While it's certainly possible to rewrite git history, it's tricky to do it without other maintainers or contributors noticing, since anyone trying to pull into an existing local repo (rather than cloning fresh) would be hit with an unexpected non-fast-forward merge.
It seems likely to me that Lasse Collin would have one or more long-standing local working copies.
So IMHO injecting malicious changes back in time in the git history seems unlikely to me. But not strictly impossible.
Based on how this has gone (remember xz has effectively been orphaned for years, and the majority of long-standing setups were using the release archives), unless if Lasse has never run any code from Jia (unlikely) I'd consider the entire machine untrusted (keys, etc). Provided the tarballs are still signed from that date, from another immutable source, that's really the only starting point here to rebuilding.
> Are they 100% sure history was not rewritten at any point?
With git, one way to check is if other people still have clones of the xz repository from a time when it was trusted.
If you suspect the repo history has been tampered with, you can check against those copies.
I believe it would be hard to introduce such a history rewrite, since people pulling from the xz repo would start getting git error messages when things don't match up?
I don't know to what degree intentional SHA-1 hash collisions could be used to work around that?
A local GIT repo can be changed (including its history) however you please.
But once you have shared it with others you can't take that back.
If you try to, then others will notice that the hashes mismatch and that their HEAD diffs uncleanly.

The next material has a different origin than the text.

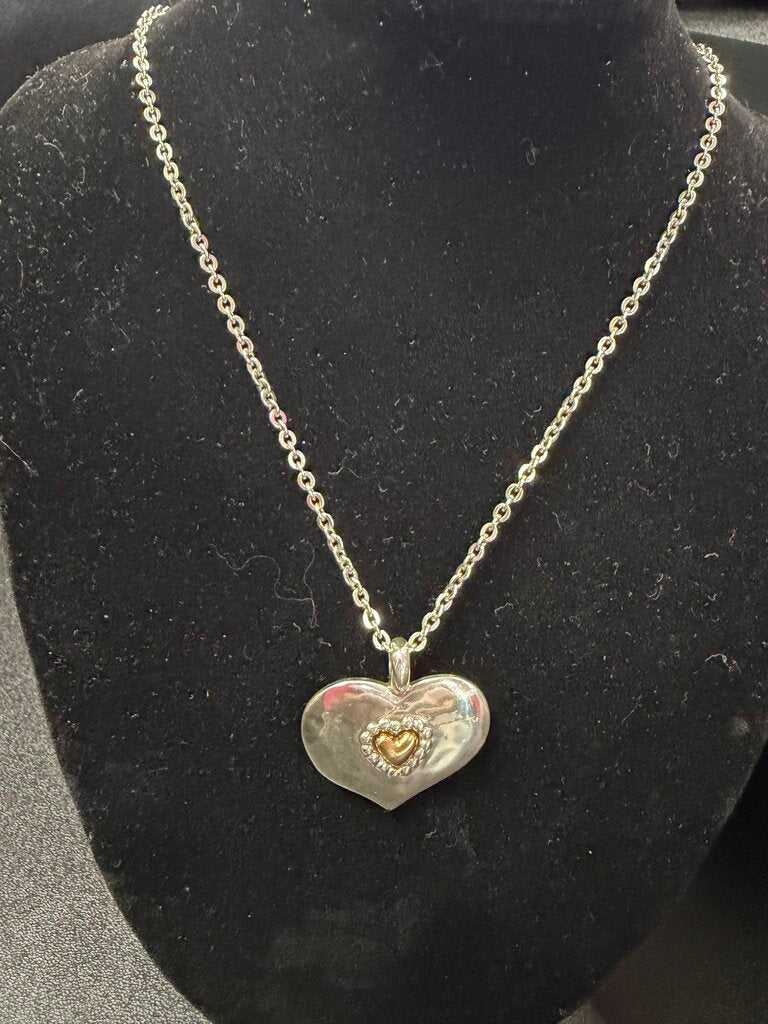 Brighton Love Beyond Words Reversible Heart Necklace 18"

I know the term is infamous here, but GIT is essentially a blockchain. Each commit has a hash, which is based on the hashes of previous commits, forming a linked list (+ some DAG branching).
You can rename/switch branches. You can change what branch is considered main/master. You can find valid reasons why you'd want to do stuff which raises the alarms so that other people become deaf to them, and only then execute the rewriting attack. Relying on people noticing (even with alarms) is just super fragile.

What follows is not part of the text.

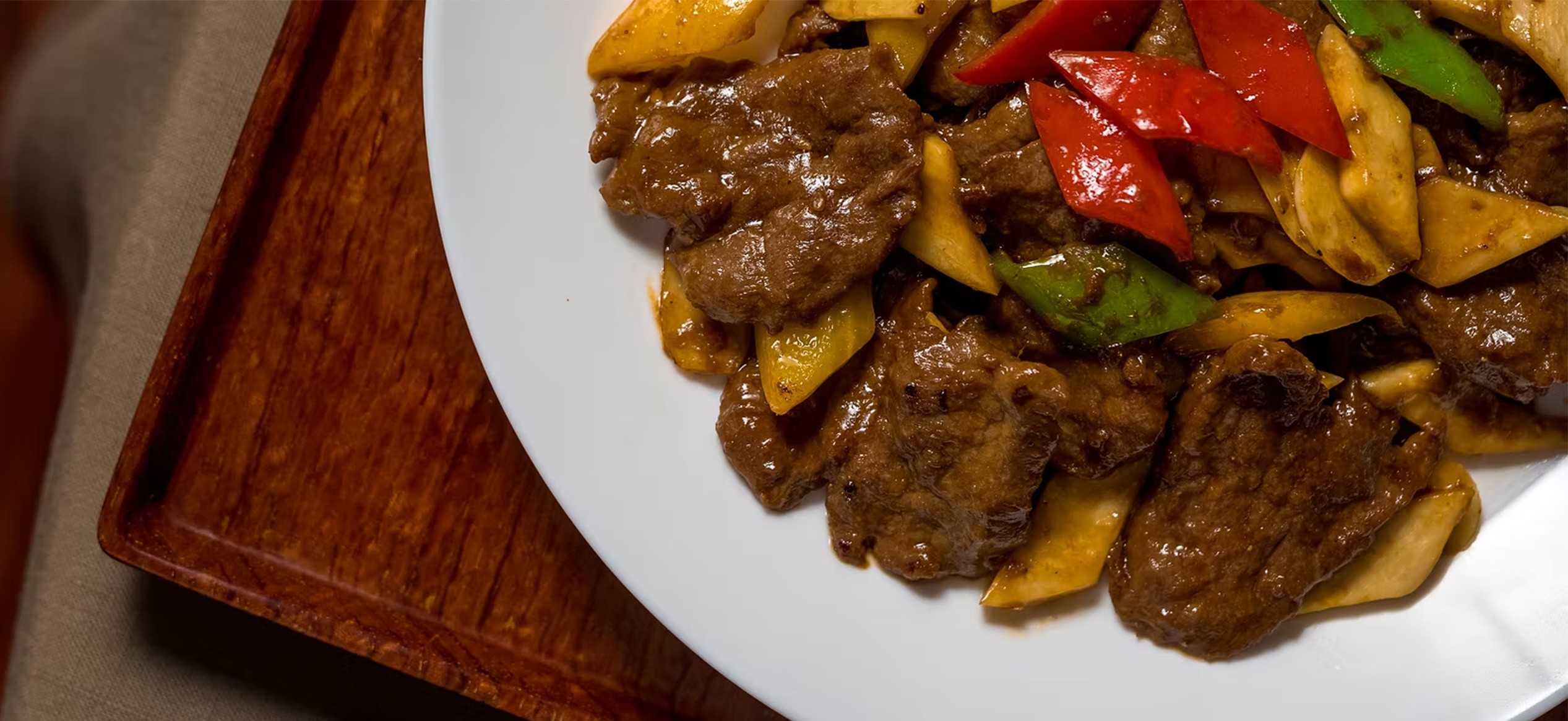 Roasted venison slices with king oyster mushrooms Shen Jianfeng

> You can rename/switch branches. You can change what branch is considered main/master.
Sure, in the project repo the branches are just simple text files that contain the hashes of the commits they point to.

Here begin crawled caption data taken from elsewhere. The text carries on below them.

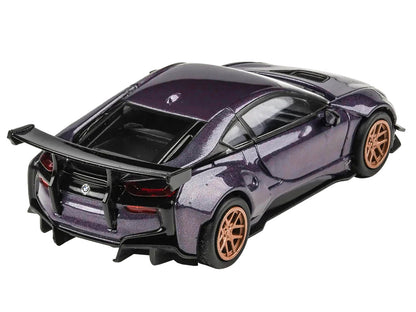 BMW i8 Liberty Walk Twilight Purple Metallic with Gold Wheels 1/64 Diecast Model Car by Paragon Models by Paragon
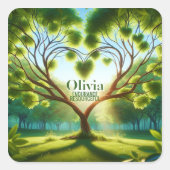 Inspirerend groen vierkante sticker (Voorkant)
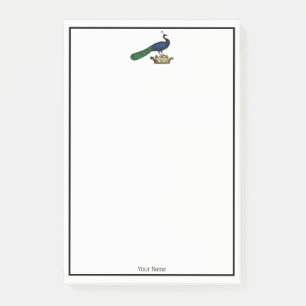 Heraldic Vintage Stylized Peacock on Crown C Post-it Notes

So they are trivial to change in the project repo. But it is also trivial for the distro project to keep copies of the branch/tag info and check against those. I guess what you mainly care about are the previous release tags. They should never change after a release.
> Relying on people noticing (even with alarms) is just super fragile.
I'd say there's plenty of motivation now for the major distros to put infrastructure in place to automate this (keeping track of previous releases) and to actually keep looking at the alarms.
> You can find valid reasons why you'd want to do stuff which raises the alarms so that other people become deaf to them
I'm sure the attackers would try things like that.
But let's say you have an open source application/library that is part of Debian.
How common has it been in the past that the app/lib project had a bunch of tagged releases, and then wanted to rewrite the history so that the tagged releases now point to different commits? I assume it has been very uncommon, but maybe I'm wrong?
And even if that is the case, new infrastructure tools can keep local copies of the source code for previous releases, and check against that.
Repo checking is not trivial, perfect, or sufficient. But I'd say it's a necessary component in guarding against attacks.
The big challenge is still that there is so much code added/changed for each new release of apps/libs that it is very difficult to check against attacks. The obfuscated C contest has proven again and again how hard it is.
It also uses a Merkle tree to compress the snapshot versions associated with commits. But the actual commit structure builds on top of that. A pure Merkle tree or forest would only give you a set of overlapping snapshots, without any directionality. So, I think it is fair to call it a blockchain as well.